After food, shelter and companionship, stories are what we need most. [Phillip Pulman]

STORIES... come to us in many ways: songs, books, movies, even poetry. Poetry? Yes. Before written language, poetry was an oral tradition, and poets were the storytellers. When poets began writing poems for the page, something to be read rather than heard, poetry lost a great deal of its story-telling power and persuasion. But you can still find thousands of contemporary poems that tell a story relevant to what matters today.

Songs tell stories that matter too and most of them come to us as poetry set to music. Sometimes the music speaks to us in ways that matter as much or more than the lyrics. Every now and then I'll hear a song on the radio or the television that reminds me of where I was and what I was doing the first time I heard that song. Songs can be a key that opens the door to our past. One of my favorites is "Both Sides Now" by Joni Mitchell. Another is "The Times They Are A Changing" by Bob Dylan.

Movies can tell a story better than the book that inspired the movie. Either way, your scrapbook will benefit from having a few words in it about a movie that touched you in a life-changing way. Huckleberry Finn, Pay It Forward, or Dead Poets Society.

Storytelling is the art of compelling us to admire and respect the characters, cheer for their success and identify with their problems. But every effort to escape the jaws of the enemy puts them in greater peril. We become more and more anxious for their safety and frustrated they are repeatedly unable to outwit and overcome an increasingly vicious and powerful enemy. Just when the conflict takes the darkest turn, the heroes snatch victory from the jaws of defeat. We share in their success as if it were our own. And in a good story, it is.

Some people think fiction isn't true and therefore inferior to fact. Yes, stories are made up, so fiction can be just an entertaining way to escape reality. We live in a world with problems that are often beyond our ability to solve. So it can be reassuring to read a story with problems we know will be solved by the hero in the end. Diane Setterfield calls attention to the escapist value of fiction when she tells us to ask ourselves...

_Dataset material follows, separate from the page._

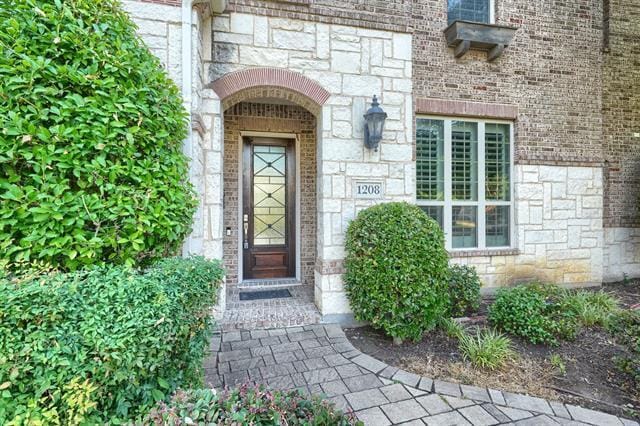 Building Photo - 1208 Damsel Caitlyn Dr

"What good is truth, at midnight, in the dark, when the wind is roaring like a bear in the chimney? When lightning strikes shadows on the bedroom wall and the rain taps at the window with its long fingernails? When fear and cold make a statue of you in your bed, don't expect hard-boned and fleshless truth to come running to your aid. What you need is the comfort of a story, the soothing safety of fiction."

But people who write books, compose poems, make movies and sing songs seed their imagination with what they see, hear, learn and remember of the real world. So fiction can also be a powerful way to change reality. Storytellers, in other words, use fiction to tell the truth, and that empowers you to find something true about yourself. We live in a world that makes us too busy to look back and see our own lives as stories, too busy to connect the dots of cause and effect and paint our own story with a plot and a point. Stories give us that look back. We become the young hero, the wise old woman, the transformed fool. The story becomes more true than if it had really happened, and that makes fiction psychologically valid, emotionally realistic and loaded with clues for shaping and navigating the sticky web of real life.

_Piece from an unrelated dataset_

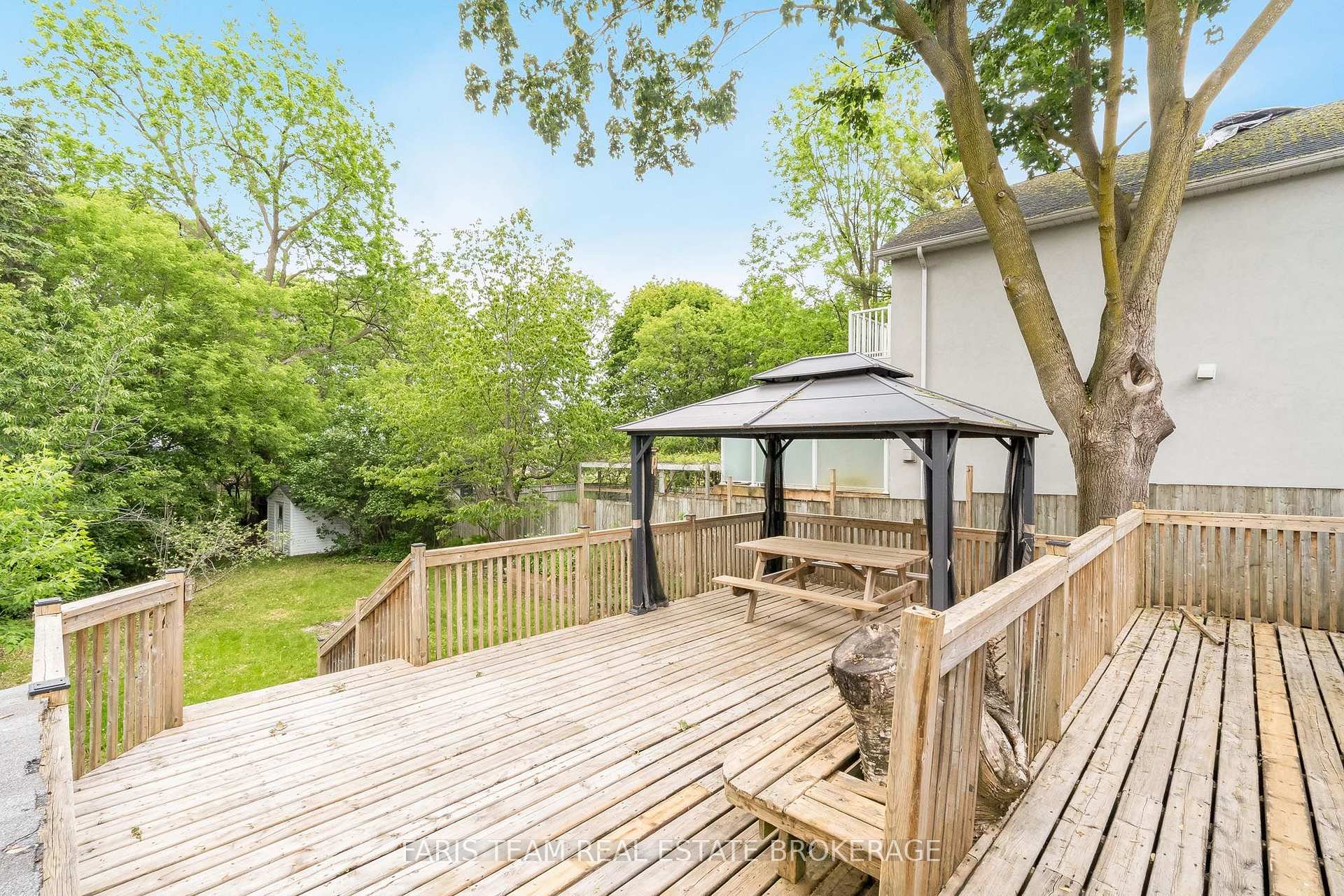 Photo 41 of 18 Holgate Street, Barrie, Allandale — HOMEH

Some stories paint life as fatalistic and hopeless while others fill it with dreams come true. Some emphasize our deep connections with other people while others exaggerate loneliness and individualism. In some stories, people enjoy serendipity while in others they suffer bad luck. Stories can show people living authentic lives, being dishonest with themselves and others, choosing a wise path over a foolish one, or getting stuck in a rut. Fact and fiction dance in every story. Stories bring us face to face with who we are. Stories are connections between what is and what could be—reminders that it's never too late to become who we can be.

Thousands of years ago, people were able to see the stars more clearly than we do now because the night sky wasn't polluted with smog, city lights or tall buildings. And they spent more time sitting around a campfire telling stories and looking up at the night sky. Today, we spend most of our nights watching television, texting friends or playing video games.

I miss the nights when I sat around a campfire telling stories and looking up at the stars. When I was a boy, it was in a forest on a camping trip with my father. When I was a young man, it was in the desert with my motorcycle friends. Forest or desert, the night sky always made me feel as if I could reach up and touch the stars overhead.

This evening, when the day star winks over the horizon, light a campfire, fire up the barbecue or put a handkerchief over a flashlight. Call it your story fire. Look up and see those other story fires. We call them stars, but imagine a planet like ours orbiting the one you are looking at, and somebody like you sitting around their fire looking down at yours.

Open a book to your favorite story. Read it aloud. Set aside what your neighbors might think, and imagine them sitting quietly on their side of the fence, enchanted with your story. Imagine it carrying you, and them, like smoke drifting through the pines, to once upon a time in a land far away.

When you've finished the story and the embers of your fire are glowing softly in the dark, ask yourself: Is this story truer than if it had really happened? Does it tell me how my values and abilities fit into the scheme of things? Does it reveal a path to my hopes and dreams? Could I apply this approach without moving to Mars or having a frontal lobotomy?